Directing the search depths in Crawler4j Solr

101 Views Asked by At

I am trying to make the crawler "abort" searching a certain subdomain every time it doesn't find a relevant page after 3 consecutive tries. After extracting the title and the text of the page I start looking for the correct pages to submit to my solr collection. (I do not want to add pages that don't match this query)
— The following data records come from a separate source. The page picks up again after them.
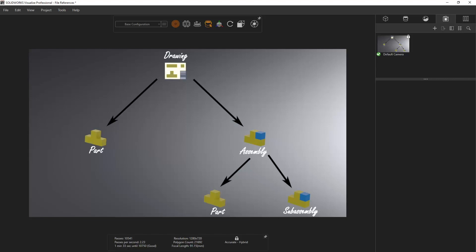Here is a simple diagram to visualize how the references flow between file types. To sum it up, an assembly file cannot display assembled parts if the link to its part files are broken, and same with a drawing displaying views of an assembly or parts. If you need to send files to someone, how do you gather all of the reference files? This is where the Pack and Go feature comes into play.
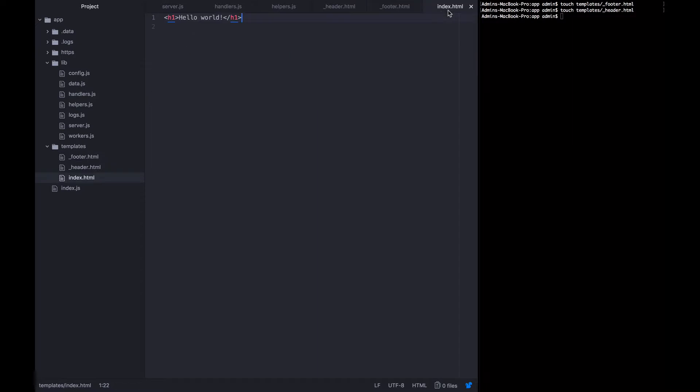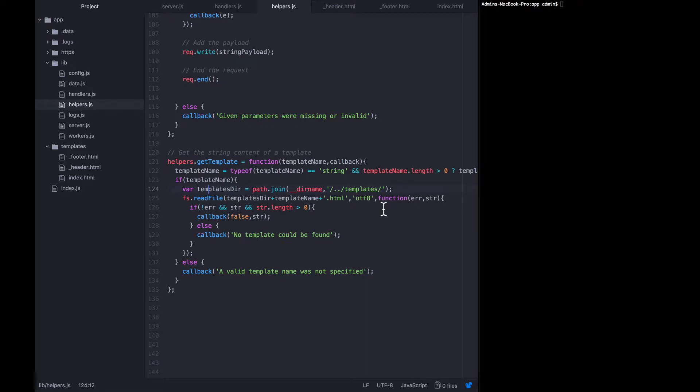Now we have the HTML for the universal header, universal footer, and our modified index. Let's go to our helpers file and add logic that will wrap these header and footer around any existing template to create a full page. While we're here, let's also add logic to perform string interpolation — variable replacement — for any variables placed inside our templates, whether in page templates, the header, or the footer. We'll modify getTemplate and add new functions.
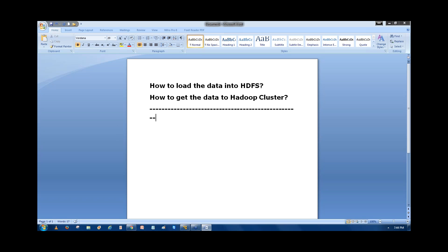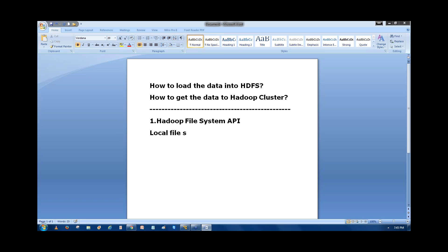So how do we load the data into HDFS? Generally, we have different APIs available. We are using one API called the Hadoop File System API. It is an API, or you can say a client, or a set of defined commands. With this Hadoop File System API, we can copy data from the local file system to the HDFS file system. This is one way to load the data into HDFS.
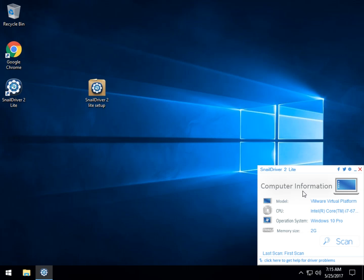I couldn't drag this out for five minutes if I tried. But that's the purpose of Snail Driver Lite. They do have a larger, fully featured program. But it's tough to beat such a simple little program for updating your drivers. So give it a shot. Let me know what you think. We always want to hear from you.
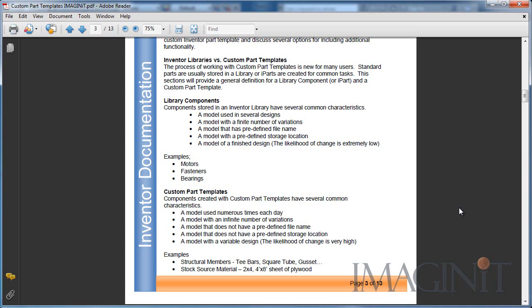Examples are things like structural members, T-bars, square tubings, and gussets like I showed you earlier. Or stock material, like a 2x4 or a 4x8 sheet of plywood.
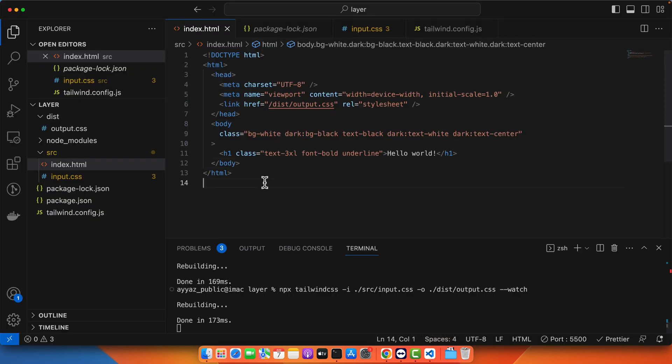So right now Tailwind CSS is using the theme from the system. Whatever the theme your system is using it will be using that theme. If your system is using dark mode it will be using that one. But in some cases you really want to override that behavior. You want to be able to control the dark mode theme with the help of a button, with the help of a toggle button.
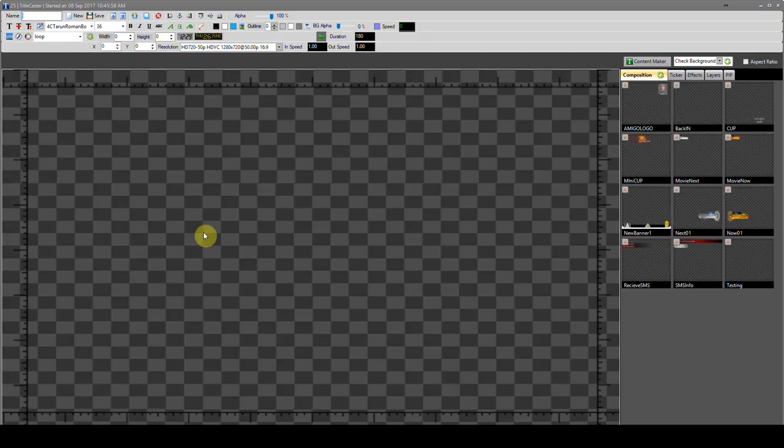Hello friends, today I am going to tell you about Tittlecaster. It is basically a CG, character generator, and it is mainly used to design text and graphics overlay advertisement.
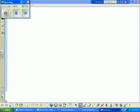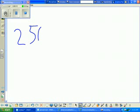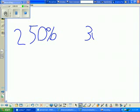Today I'm going to teach you an easy way of how doing a percentage. For example, 250 over here, and then by 30% over here.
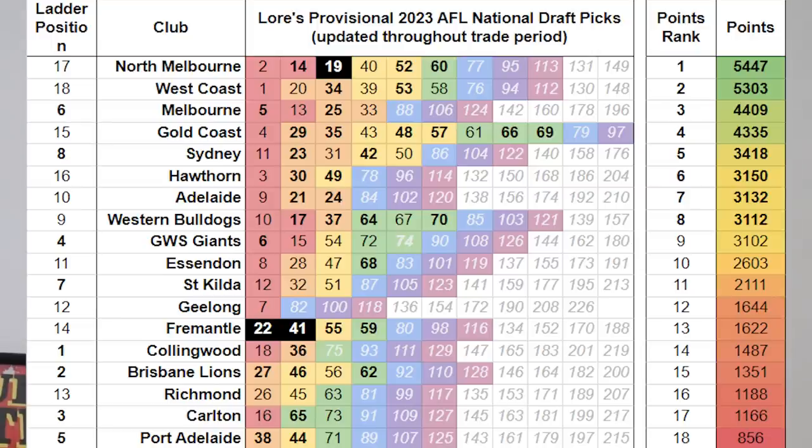The draft order is truly indicative of the reverse ladder because you can now trade future picks. So this year the draft order is all mixed and matched. One example: Fremantle traded a future pick last year for Luke Jackson, which means Melbourne currently hold Fremantle's first pick — currently pick five — even though Melbourne also hold their own first rounder.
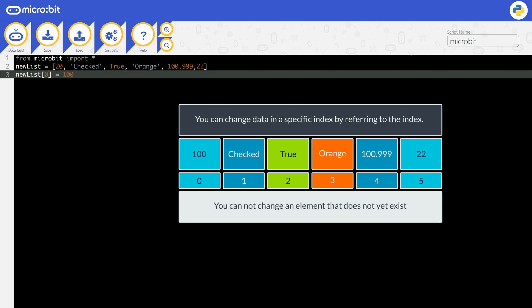You cannot change an element that does not yet exist. For example, in NewList, you could not try and change index 10. It currently does not have an index 10.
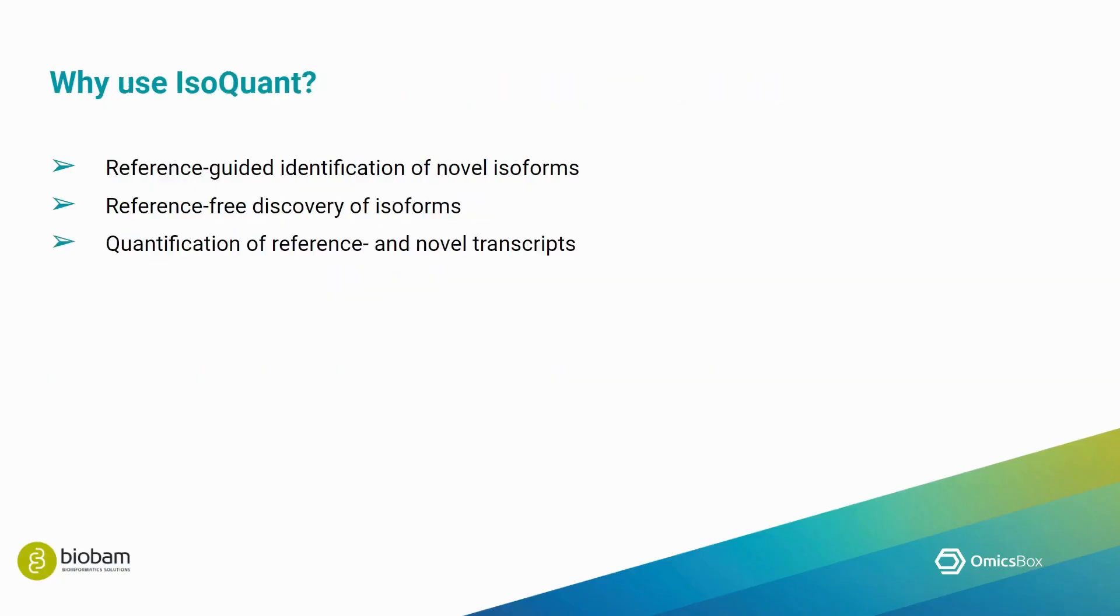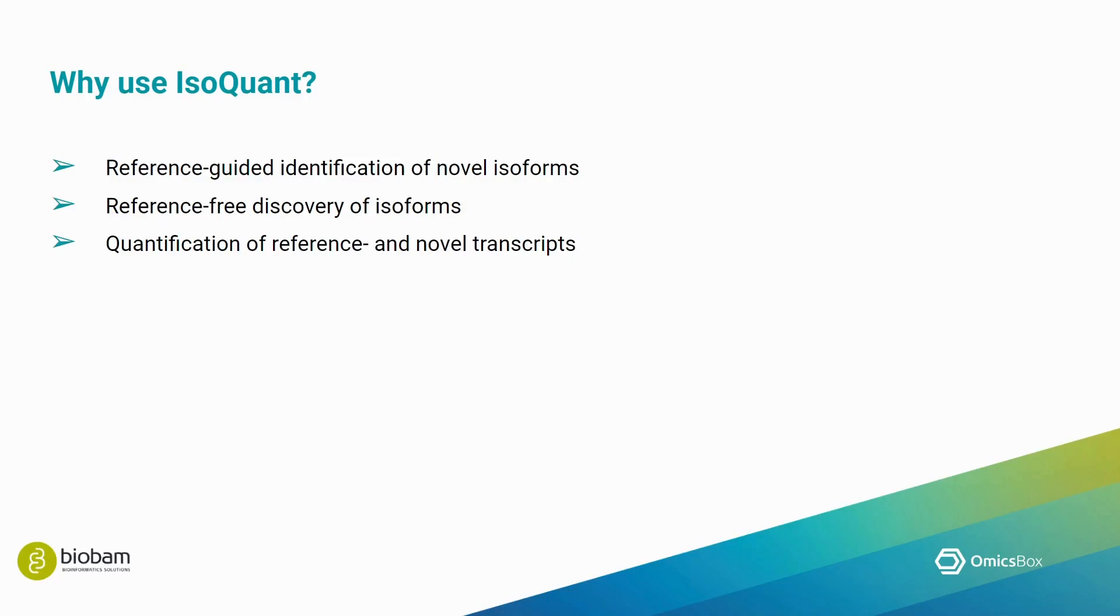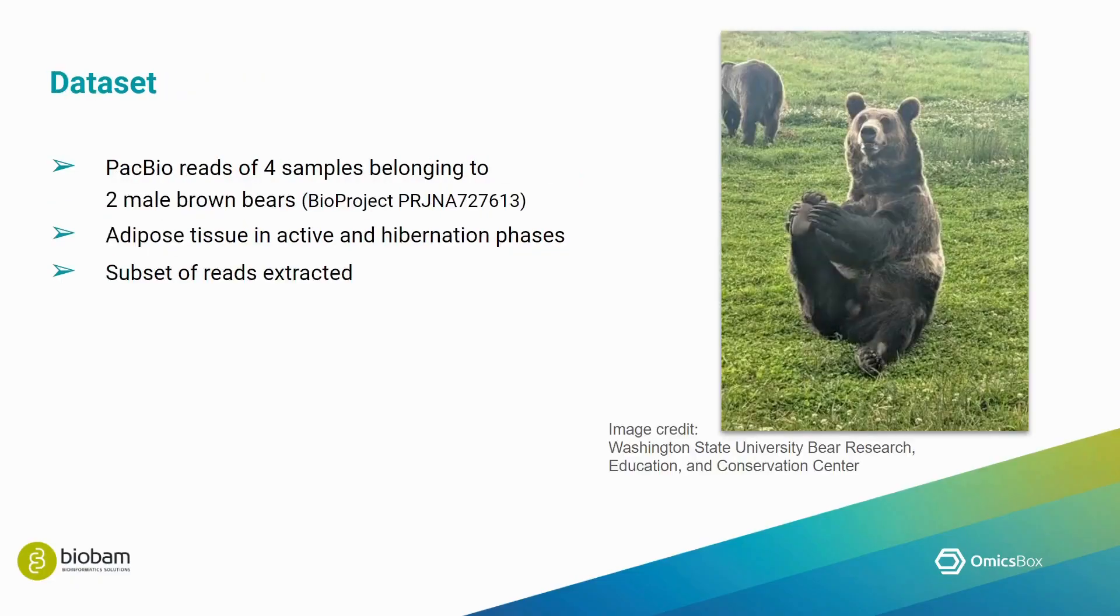Now, why would you want to choose IsoQuant? Well, one of the reasons may be because it can be used to achieve different tasks. In this demonstration, we will use IsoQuant in OmicsBox in three different ways. Firstly, we will perform a reference-guided identification of novel isoforms. Secondly, we will use IsoQuant's discovery mode to perform reference-free discovery of isoforms. And thirdly, we will perform quantification of reference as well as novel isoforms.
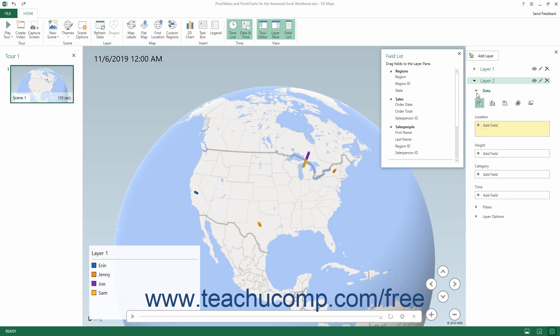To the right of the layer's name within the Layer panel are three buttons that let you change the layer's visibility, rename the layer, or delete the layer. To toggle the visibility of the layer on or off, click the Show or Hide the Layer in This Scene button, which looks like an eye icon.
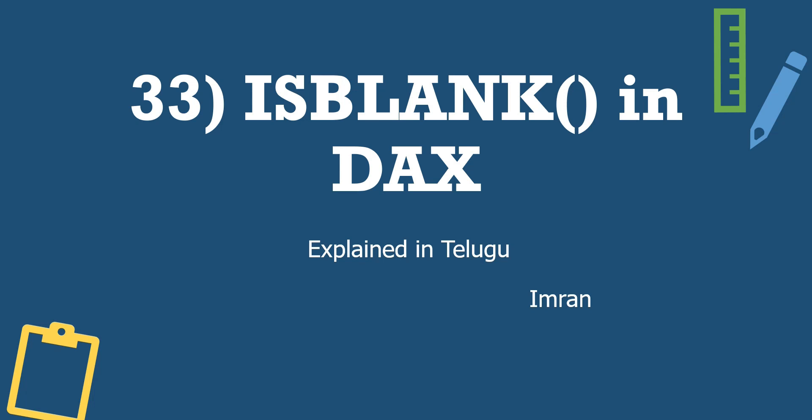But in this video, we'll check the ISBLANK function. In this video, we'll check if the values are blank. If blank, it returns true; if not blank, it returns false. It's a simple concept.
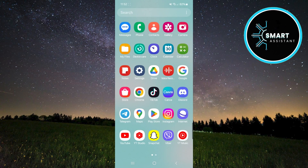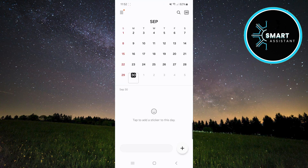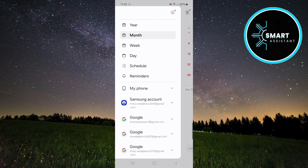First, open the Calendar app. As soon as you open it, you will see three horizontal lines in the top left corner of the screen. Tap them to open the Options menu. In the menu, tap the gear icon located in the top right corner, which will open the settings.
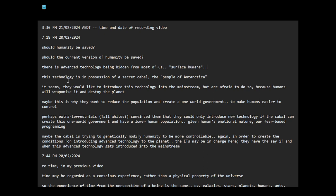This technology is in possession of a secret cabal, the people of Antarctica. It seems they would like to introduce this technology into the mainstream but are afraid to do so because humans will weaponize it and destroy the planet.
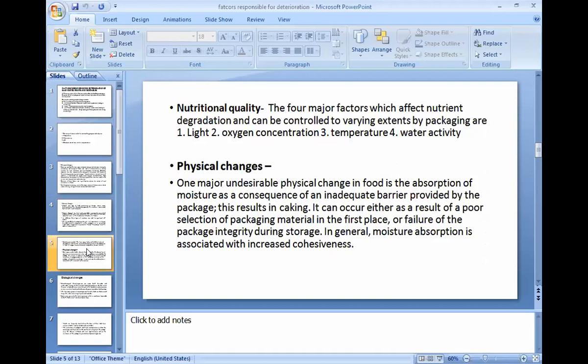Nutritional quality. The four major factors which affect nutrient degradation and can be controlled to varying extents by packaging are: light, oxygen concentration, temperature, and water activity. These are the chemical changes.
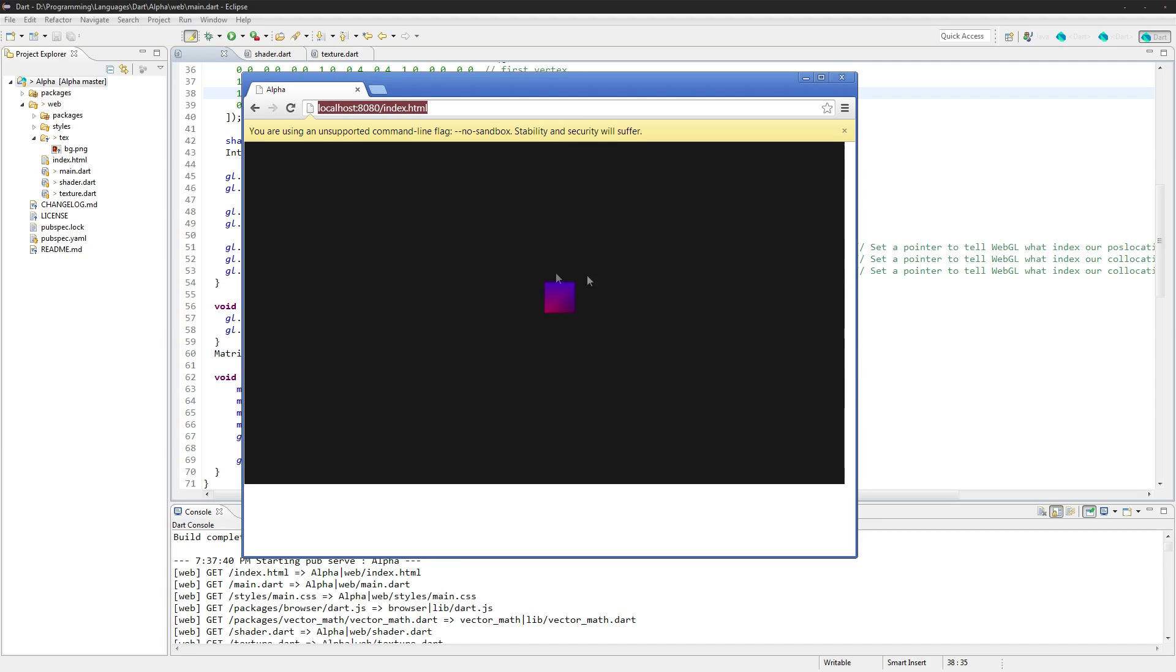So that's it for this episode. Next episode I'll actually turn this into a sprite and use the full 16 by 16 pixels and scale it onto this. Hope you guys enjoyed this episode, and I will see you guys next time.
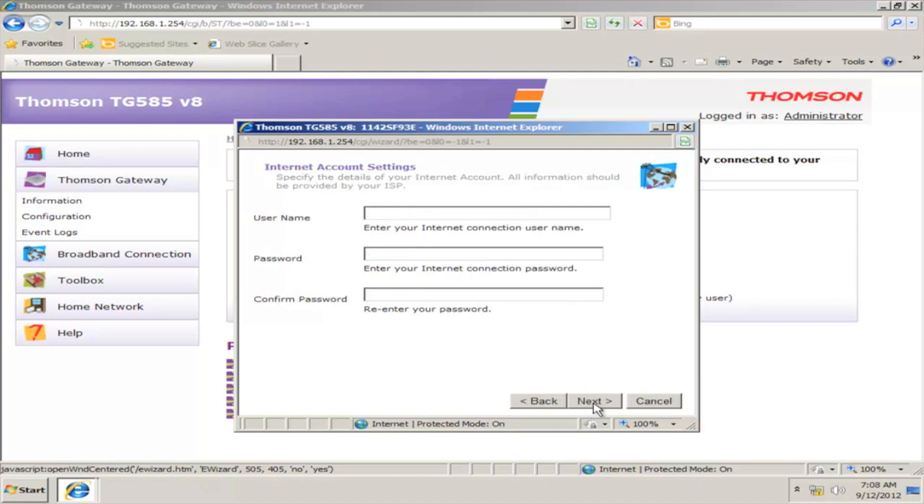On the next window, type in your Internet username and password that has been provided by Betelco and click Next.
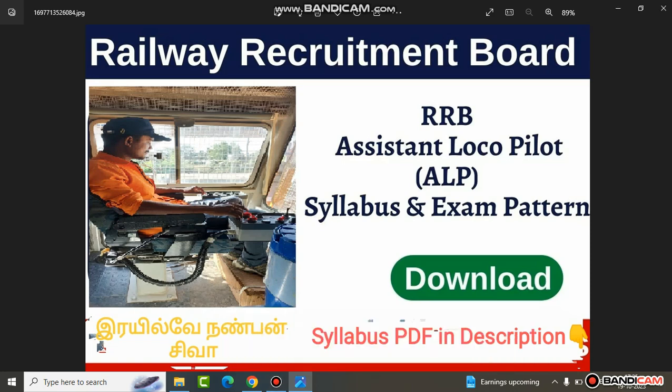Hi friends, I am Railway Nanbans Siva. What are we going to talk about? This is a video about the GDC exam, the Railway Department exam. We are going to wait and prepare for the exam.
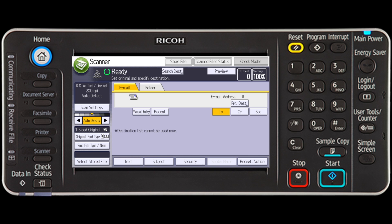Press the desired scan function tab. In this example, we have selected scan to email.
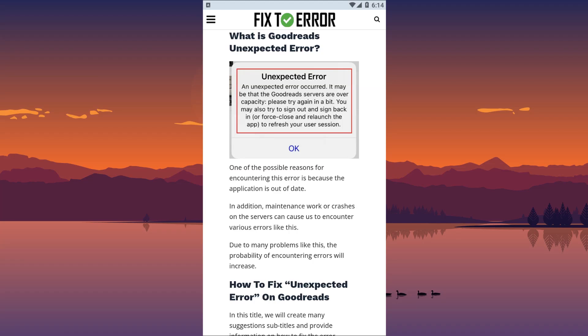Hello everyone, in this guide we will talk about solutions for friends who encounter an unexpected error on Goodreads.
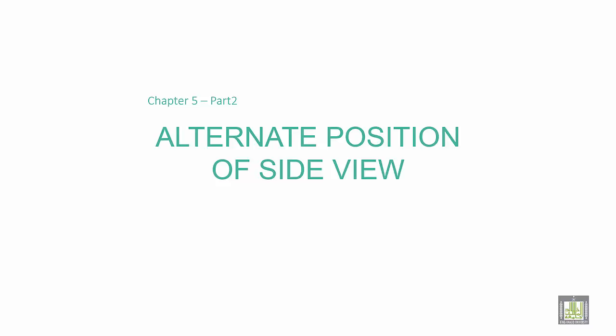بسم الله الحمد لله والصلاة والسلام على رسول الله. الطلاب الأعزاء، السلام عليكم ورحمة الله وبركاته، وأهلا ومرحبا بكم في هذا الجزء الثاني من المحور الخامس والذي بعنوان Alternate Position of Side View.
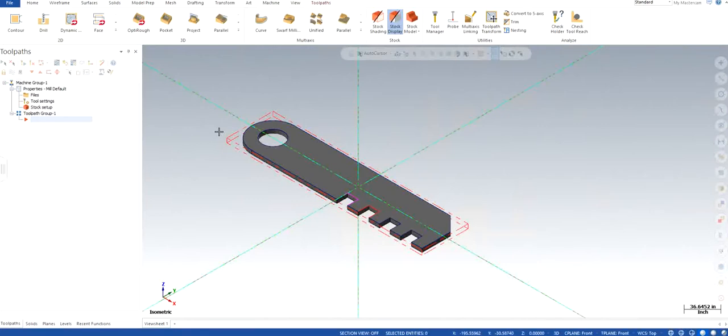So that's pretty much it for this video. In the next video I will show you what toolpath will I be using in order to cut this part. Thank you and don't forget to subscribe to my channel.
public void visit(Page page)
{
    int docid = page.getWebURL().getDocid();
    String url = page.getWebURL().getURL();
    String domain = page.getWebURL().getDomain();
    String path = page.getWebURL().getPath();
    String subDomain = page.getWebURL().getSubDomain();
    String parentUrl = page.getWebURL().getParentUrl();
    String anchor = page.getWebURL().getAnchor();

    System.out.println("Docid: " + docid);
    System.out.println("URL: " + url);
    System.out.println("Domain: '" + domain + "'");
    System.out.println("Sub-domain: '" + subDomain + "'");
    System.out.println("Path: '" + path + "'");
    System.out.println("Parent page: " + parentUrl);
    System.out.println("Anchor text: " + anchor);
    System.out.println("ContentType: " + page.getContentType());

    if(page.getParseData() instanceof HtmlParseData) {
        String title, text;

        HtmlParseData theHtmlParseData = (HtmlParseData) page.getParseData();
        title = theHtmlParseData.getTitle();
        text = theHtmlParseData.getText();

        if (  (title.toLowerCase().contains(" word1 ") && title.toLowerCase().contains(" word2 "))  ||  (text.toLowerCase().contains(" word1 ") && text.toLowerCase().contains(" word2 ")) ) {
            //
            // submit to SOLR server
            //
            submit(page);

            Header[] responseHeaders = page.getFetchResponseHeaders();
            if (responseHeaders != null) {
                System.out.println("Response headers:");
                for (Header header : responseHeaders) {
                    System.out.println("\t" + header.getName() + ": " + header.getValue());
                }
            }

            failedcounter = 0;// we start counting for 3 consecutive pages

        } else {

            failedcounter++;

        }

        if (failedcounter == 3) {

            failedcounter = 0; // we start counting for 3 consecutive pages
            int parent = page.getWebURL().getParentDocid();
            parent....HtmlParseData.setOutgoingUrls(null);

        }

my question is, how do I edit the last line of this code so that i can retrieve the parent "page object" and delete its outgoing urls, so that the crawl moves on to the rest of the subdomains. Currently i cannot find a function that can get me from the parent id to the page data, for deleting the urls.

1

There are 1 best solutions below

0
rzo1 On

The visit(...) method is called as one of the last statements of processPage(...) (line 523 in WebCrawler).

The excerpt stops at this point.